Opera War: Met Opera versus Manhattan Opera House 1906-1910 December 16 2022
The Metropolitan Opera’s General Manager Heinrich Conried’s troubles were not confined to earthquake, fire, and censorship. In 1906 he had to face the strong competition of a rival opera company performing in a brand-new auditorium just a short walk from the Met. This was the start of an “opera war” that made the Mapleson-Abbey struggles of 1883 look like a mere skirmish.
OSCAR HAMMERSTEIN I
Oscar Hammerstein I, German born in what is now Poland, emigrated to America and earned a fortune with his invention of a cigar-making machine. He invested his profits and his passions into producing opera on a grand scale.

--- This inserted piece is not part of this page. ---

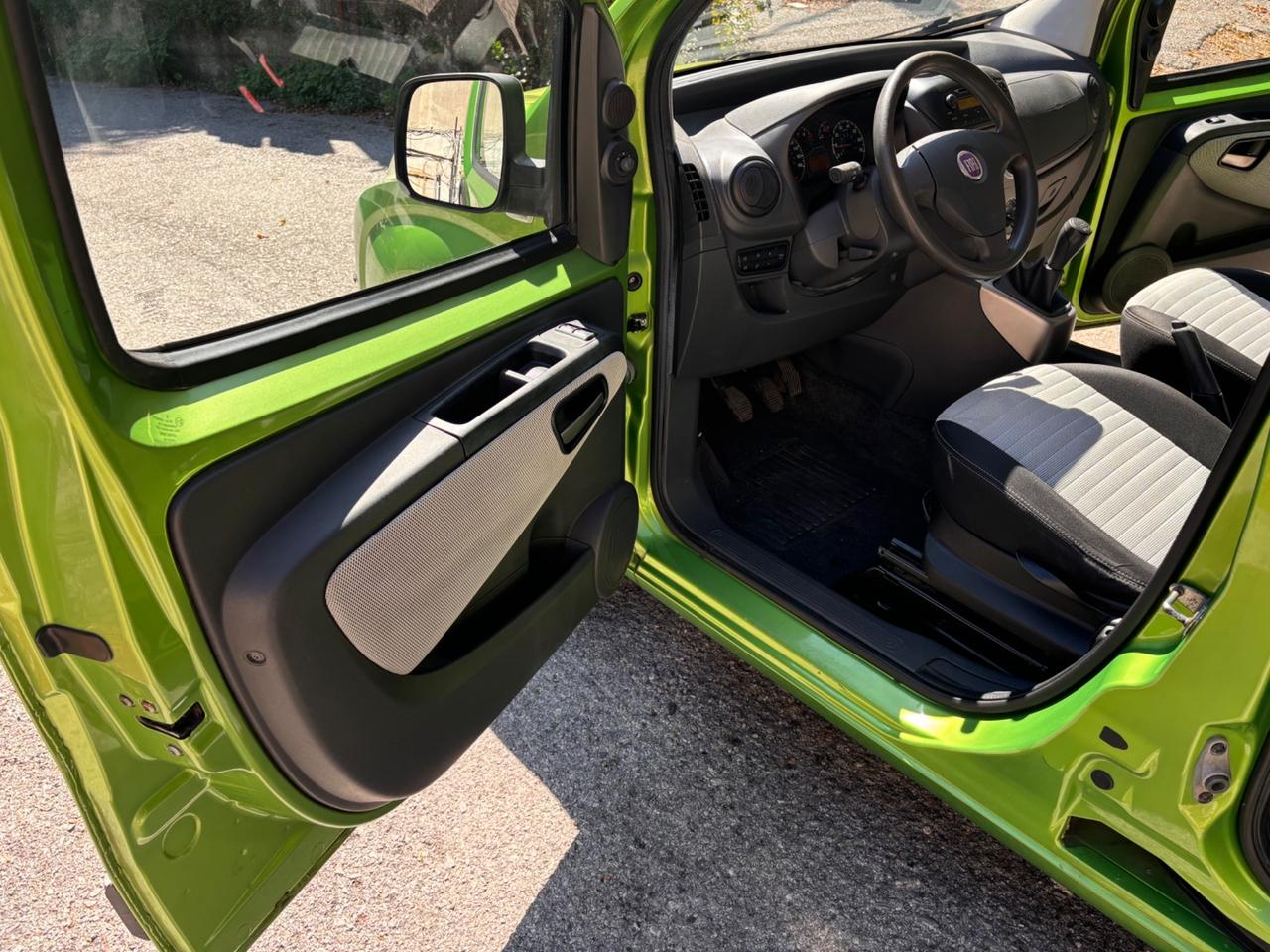 Fiat Qubo 1.4 8V 73 CV Dynamic full optional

[IMAGE] Oscar Hammerstein's portrait from Who's Who on the Stage, 1906
MANHATTAN OPERA HOUSE
Persuaded that opera was a popular art form with appeal to a large urban audience, Hammerstein refused to bend to the social requirements of Gotham’s aristocracy. He wanted nothing like the “Diamond Horseshoe” or any horseshoe at all in the seating plan of his Manhattan Opera House on 34th Street. With its increased proximity of auditors to the stage, some judged the acoustics of the attractive auditorium superior to those of the older theatre.
THE 1906 SEASON
Hammerstein provided fine sightlines and fine acoustics, but was also generous with what people went to the opera to see and to hear--great singers. He assembled a company of stars nearly as illustrious, and certainly as colorful and exciting as Conried’s troupe at the Met. While he couldn’t offer Enrico Caruso, he did open his first season with the tenor Conried almost hired in Caruso’s place, Alessandro Bonci. On this same night, Caruso sang at the Met--of course. The battle was on. Imagine the dilemma of the opera-lover who had to choose between Nellie Melba, Bonci and Maurice Renaud in La Traviata at the Manhattan or Caruso, Emma Eames and Antonio Scotti in Tosca at the Met!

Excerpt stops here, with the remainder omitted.